No wonder Caractacus Potts ran Truly Scrumptious off the road here! Yes, today I’m walking around Turville, scene of one of my favourite childhood films, Chitty Chitty Bang Bang.
The famous windmill where Grandpa Potts had his workshop sits up on the hill above the village. It’s actually called Cobstone Mill and was built in 1816 to grind cereals. It dominates the landscape for miles around. Just looking up at it makes me want to sing…’Oh, you, chitty chitty bang, pretty chitty bang bang, we love you…’
You may not have heard of Turville or the surrounding villages, but chances are you’ve seen them on the telly at some point. The lovely old Church of St Mary the Virgin was renamed St Barnabus in The Vicar of Dibley.
Miss Marple has been filmed here, as has Lewis, and more recently Killing Eve. The scenes of Little Britain featuring barman Daffyd Thomas were shot here – he was the only gay in the village, this village!
The Bull and Butcher is the village pub. Yes, it’s closed. This is getting very tedious now, a thirsty walker needs public houses to be open. A bottle of wine is a bit too heavy for the backpack! A plaque outside the door proclaims the fact that the pub has starred in various episodes of Midsomer Murders. I bet my Mum recognises it.
Cute as the village is, I’m not here to hang around. My walk starts just by the entrance to the churchyard, along a lane and onto the Chiltern Way through a tunnel of green.
Looking back, the windmill stands proud above the lush countryside. I can feel another song coming on, maybe ‘Hushabye Mountain’ this time? I wish my sister Gill was with me, she’d sing along, and she knows all the words, we must have watched that film 100 times!
The paths climbs up through woodland and fields full of sheep. It’s lambing time, so all you can hear is bleating. And me singing, of course. Luckily there are very few people around to object, and the sheep don’t seem to mind.
I pause at the top of the hill to catch my breath – it’s quite a steep climb. Sure enough, there’s the windmill again, gleaming in the distance. Not for the first time, I feel really thankful to have such amazing countryside to explore. Don’t get me wrong, I’m still looking forward to my next flight out of here, but for the moment these walks are satisfying my need to explore. On we go, back into the trees.

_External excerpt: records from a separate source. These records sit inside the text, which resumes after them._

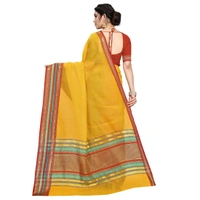Women's Kota Doria Cotton Bordered Saree With Blouse (Yellow, 5-6 Mtrs) - Yellow, 0.45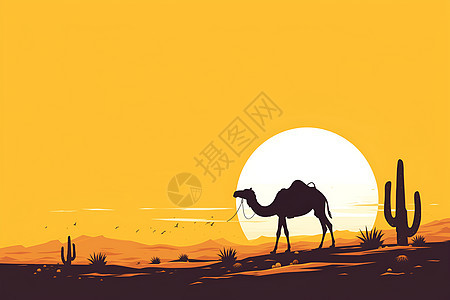 沙漠黄昏的骆驼图片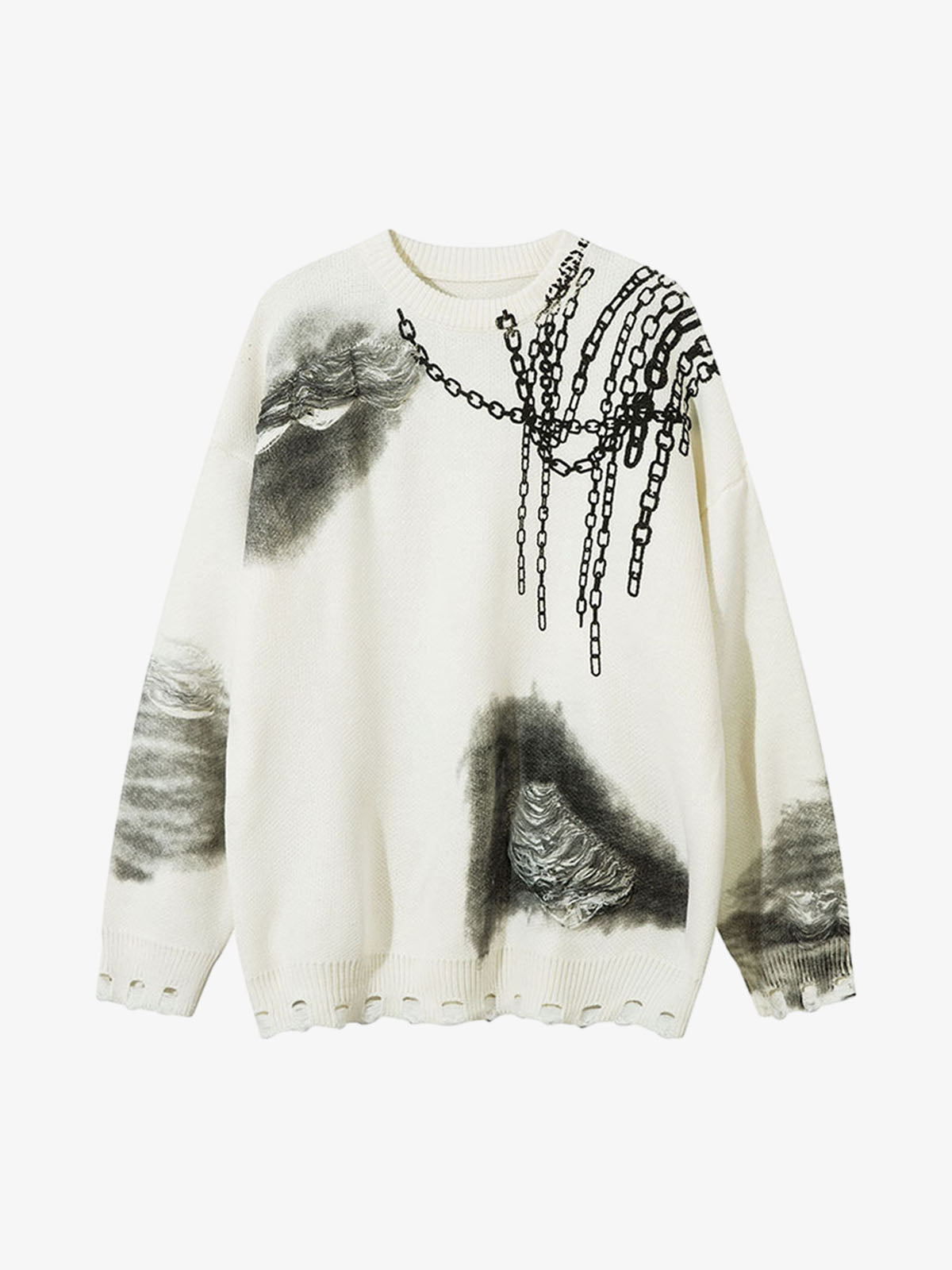 Chain Jacquard Spray-Painted Hole Round Neck Sweater
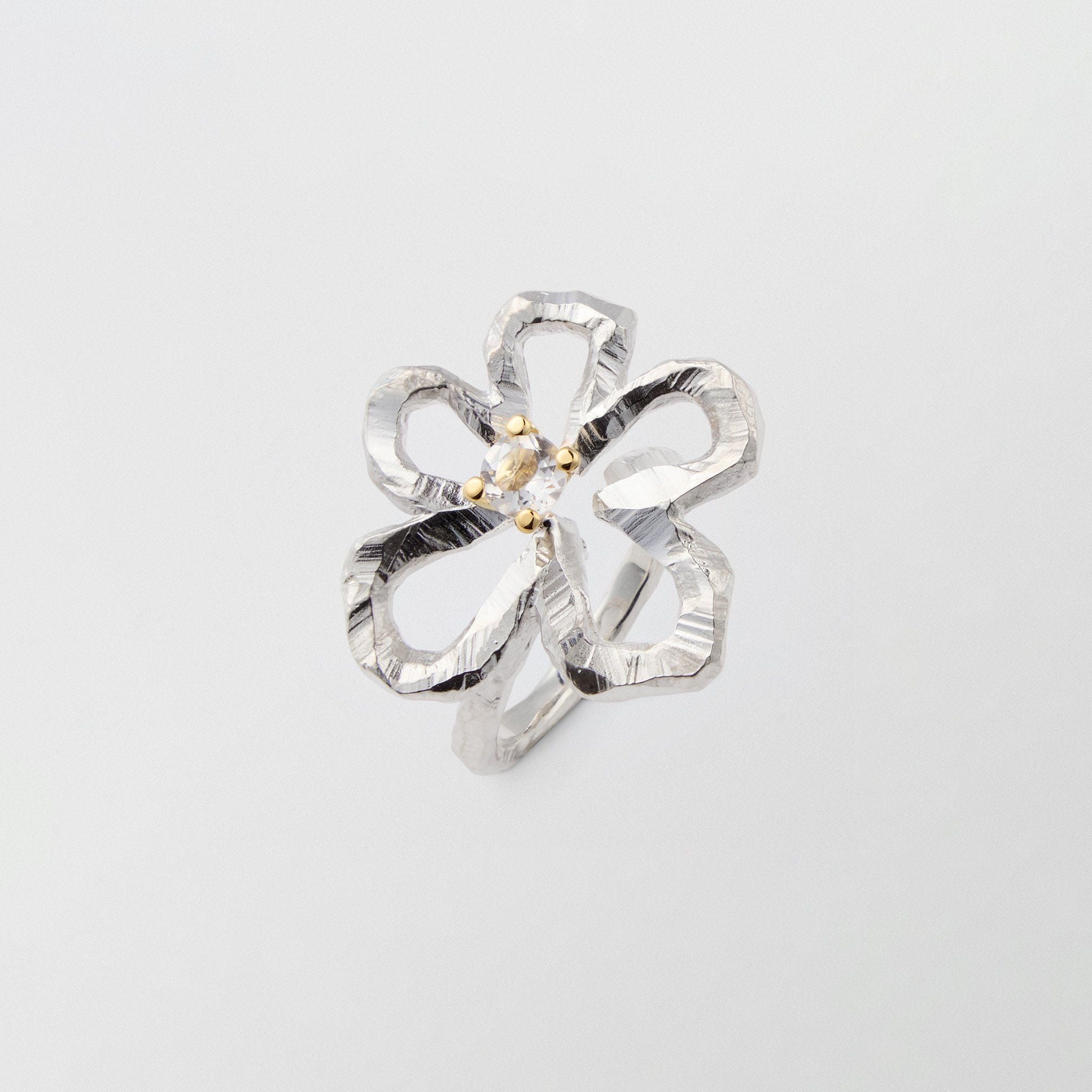 Swedish Summer 18K Gold & Silver Ring w. Rock Crystal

The pathway turns downhill towards the next village of Skirmett, which looks pretty idyllic down in the valley.
I’m startled by something moving behind a fence, but it’s only two very friendly horses, who come up close to check me out.
In the next field, I spot a large herd of very content looking deer and stand to watch them for a while, it’s quite relaxing.
Skirmett itself is just one street beside a stream, with lots of chocolate box cottages and a pub, of course. It’s quiet, but a few locals shout ‘hello’ as I stroll past.
My route circles back across fields behind the village and past the very aptly named Watery Lane. At this point I begin to question the appropriateness of my Birkenstocks – comfy they are, waterproof they are not. Damp feet it is then!
I’m heading across open fields now to my final destination of Fingest. Just me, with a soundtrack of baas and birdsong and ‘It’s the posh, posh travelling life, the travelling life for me’. Wishful thinking…
Fingest was the location of The Monuments Men but unfortunately I can report that neither George Clooney nor Matt Damon was anywhere to be seen on the day of my visit.
The village church of St Bartholomew is worth seeing though. It dates from early Norman times and is absolutely beautiful. My Mum would love it, in fact this walk could have been designed for her.
Outside the Chequers pub, another plaque proudly announces that Midsomer Murders has been here too, several times. He likes his pubs, that Chief Inspector Barnaby. Mind you, there have been 21 seasons since 1997, so I guess he’s had plenty of time to get around.
Back towards Turville we go, along a path which seems designed to trip up a clumsy walker like me. Tree roots everywhere, just lying in wait… I decide to stop singing and concentrate. The husband will not be impressed if I go home covered in cuts and bruises (it’s been known to happen in the past).
Emerging from the trees, there’s that windmill once again overseeing the landscape. I cross a meadow and down a lane back into strangely-familiar Turville. Another walk done and dusted, and very lovely it was too. As I keep saying, get out there.
Back in the car, I realise I have to face those hair raising roads once more. Yikes! Maybe another song will help? Something upbeat. ‘Toot Sweets’ it is then. If you haven’t seen Chitty Chitty Bang Bang, then you must.